TASK DETAILS =>
Only the lines below between the one holding "Композитна плитка WPC" and the one holding "Generic image of", inclusive, are to be reproduced word for word; the pictures are to be left out.

ENTRIES SUPPLIED =>
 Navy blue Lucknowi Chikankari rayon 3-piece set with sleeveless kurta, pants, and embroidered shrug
==
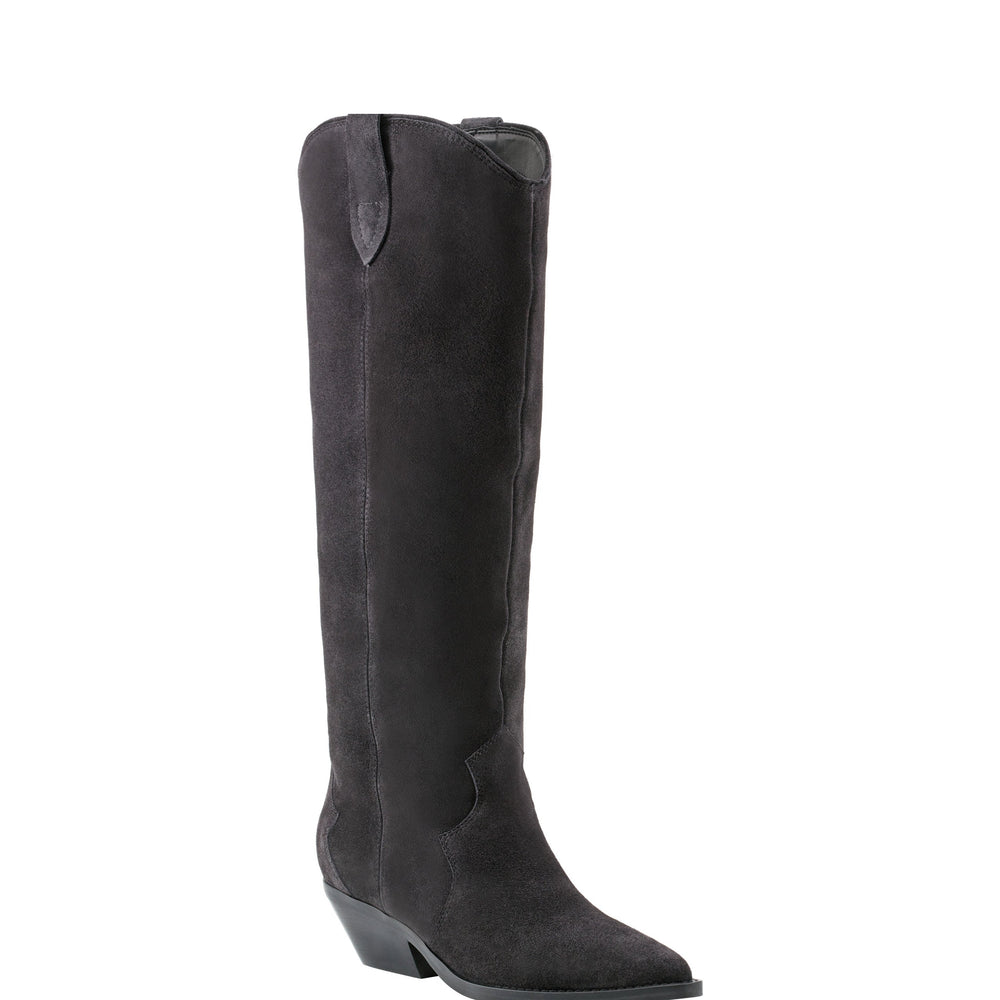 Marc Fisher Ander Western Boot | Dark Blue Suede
* * *
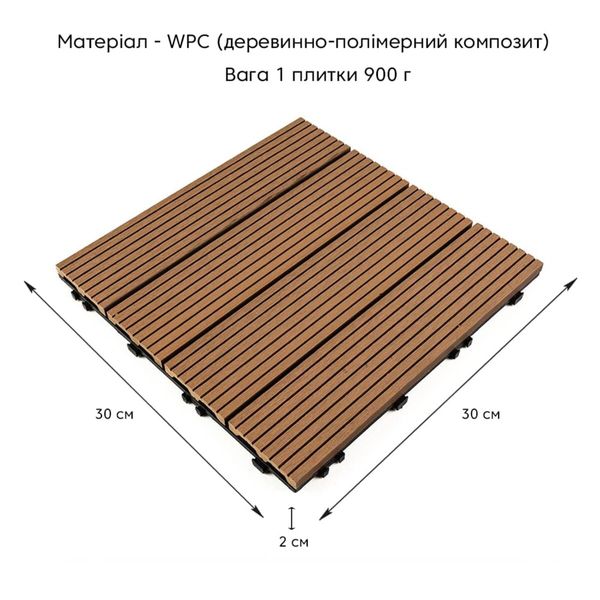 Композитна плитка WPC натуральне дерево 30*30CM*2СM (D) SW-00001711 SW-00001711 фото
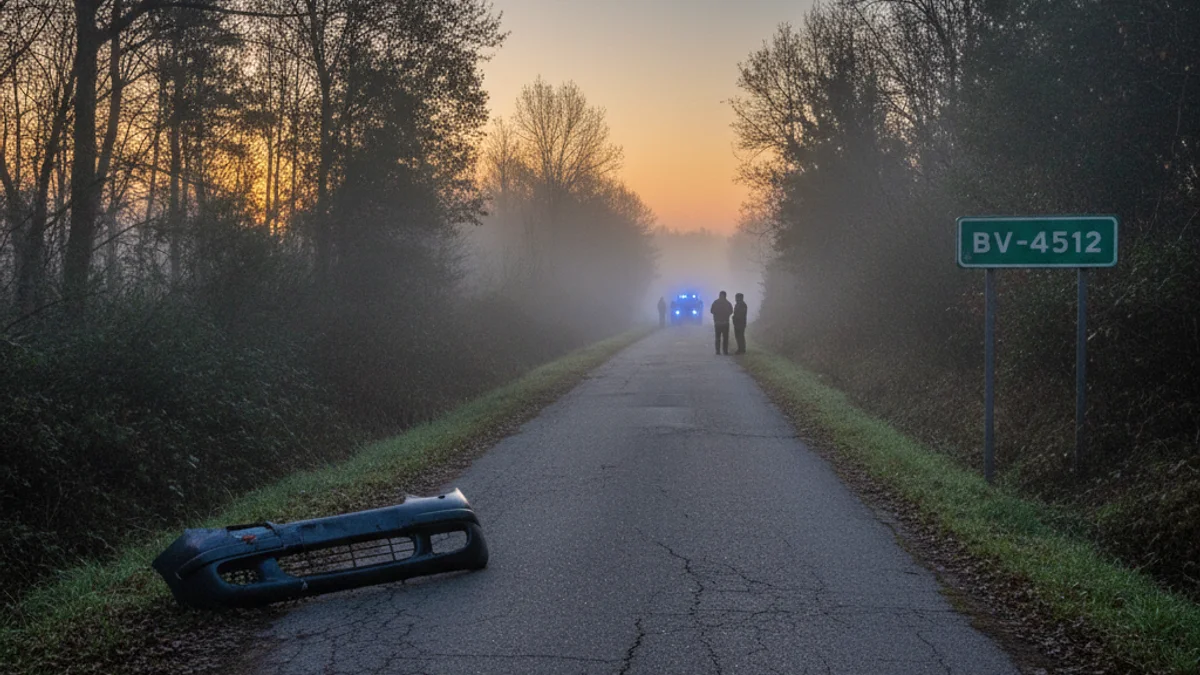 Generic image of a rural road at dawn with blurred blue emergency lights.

RESULT OF THE EXERCISE =>
 Композитна плитка WPC натуральне дерево 30*30CM*2СM (D) SW-00001711 SW-00001711 фото
 Generic image of a rural road at dawn with blurred blue emergency lights.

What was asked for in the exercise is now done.